Short web captions:
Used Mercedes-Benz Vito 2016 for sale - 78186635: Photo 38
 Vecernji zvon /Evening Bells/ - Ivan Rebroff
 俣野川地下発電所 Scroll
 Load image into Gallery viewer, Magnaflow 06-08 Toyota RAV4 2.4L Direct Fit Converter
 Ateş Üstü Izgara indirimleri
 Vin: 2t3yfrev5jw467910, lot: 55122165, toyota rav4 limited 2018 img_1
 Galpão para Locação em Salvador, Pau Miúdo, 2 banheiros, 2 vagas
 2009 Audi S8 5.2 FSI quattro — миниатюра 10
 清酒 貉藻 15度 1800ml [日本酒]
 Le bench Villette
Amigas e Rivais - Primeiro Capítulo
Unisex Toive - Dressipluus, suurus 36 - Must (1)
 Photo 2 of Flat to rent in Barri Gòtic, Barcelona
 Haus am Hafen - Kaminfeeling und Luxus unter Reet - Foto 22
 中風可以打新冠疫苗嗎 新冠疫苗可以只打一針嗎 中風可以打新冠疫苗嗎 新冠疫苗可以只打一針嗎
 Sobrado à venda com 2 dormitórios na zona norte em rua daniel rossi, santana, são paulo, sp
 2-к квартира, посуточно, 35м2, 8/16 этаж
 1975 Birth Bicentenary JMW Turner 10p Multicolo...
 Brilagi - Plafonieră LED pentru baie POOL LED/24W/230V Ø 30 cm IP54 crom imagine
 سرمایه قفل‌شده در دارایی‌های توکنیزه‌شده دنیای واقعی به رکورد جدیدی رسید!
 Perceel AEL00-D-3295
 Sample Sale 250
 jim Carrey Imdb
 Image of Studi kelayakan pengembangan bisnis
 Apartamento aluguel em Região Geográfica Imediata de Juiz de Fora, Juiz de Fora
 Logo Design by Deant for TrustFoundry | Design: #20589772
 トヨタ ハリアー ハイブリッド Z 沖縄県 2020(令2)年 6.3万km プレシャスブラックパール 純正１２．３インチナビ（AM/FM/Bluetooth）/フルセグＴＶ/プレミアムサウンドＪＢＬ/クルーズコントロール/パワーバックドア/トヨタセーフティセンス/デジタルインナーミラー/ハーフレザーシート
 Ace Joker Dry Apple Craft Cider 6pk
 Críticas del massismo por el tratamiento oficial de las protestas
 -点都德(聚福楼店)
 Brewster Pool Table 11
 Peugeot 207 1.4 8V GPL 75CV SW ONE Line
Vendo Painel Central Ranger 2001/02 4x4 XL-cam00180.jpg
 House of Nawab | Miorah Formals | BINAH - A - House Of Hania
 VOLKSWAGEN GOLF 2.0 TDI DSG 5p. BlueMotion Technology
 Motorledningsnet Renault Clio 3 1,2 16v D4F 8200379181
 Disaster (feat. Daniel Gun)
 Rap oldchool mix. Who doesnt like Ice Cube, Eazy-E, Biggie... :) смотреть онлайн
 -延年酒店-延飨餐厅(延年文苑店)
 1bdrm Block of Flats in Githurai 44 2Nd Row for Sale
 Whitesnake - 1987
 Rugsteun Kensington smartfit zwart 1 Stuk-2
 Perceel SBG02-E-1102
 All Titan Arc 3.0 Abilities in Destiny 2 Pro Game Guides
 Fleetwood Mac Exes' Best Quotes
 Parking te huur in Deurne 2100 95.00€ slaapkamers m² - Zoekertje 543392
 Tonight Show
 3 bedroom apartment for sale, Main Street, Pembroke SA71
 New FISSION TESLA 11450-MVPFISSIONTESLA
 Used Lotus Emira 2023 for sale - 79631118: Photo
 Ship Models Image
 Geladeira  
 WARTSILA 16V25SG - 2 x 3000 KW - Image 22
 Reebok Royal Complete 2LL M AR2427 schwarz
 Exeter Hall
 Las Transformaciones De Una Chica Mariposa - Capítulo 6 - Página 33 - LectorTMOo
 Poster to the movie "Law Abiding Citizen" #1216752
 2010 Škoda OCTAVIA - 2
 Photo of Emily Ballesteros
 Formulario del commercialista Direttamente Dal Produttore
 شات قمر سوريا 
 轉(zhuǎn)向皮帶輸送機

> **Problem to work on**: Look through the entries above, and wherever a line holds the string "Photo", copy it.

> **Answer below**:
Used Mercedes-Benz Vito 2016 for sale - 78186635: Photo 38
 Photo 2 of Flat to rent in Barri Gòtic, Barcelona
 Used Lotus Emira 2023 for sale - 79631118: Photo
 Photo of Emily Ballesteros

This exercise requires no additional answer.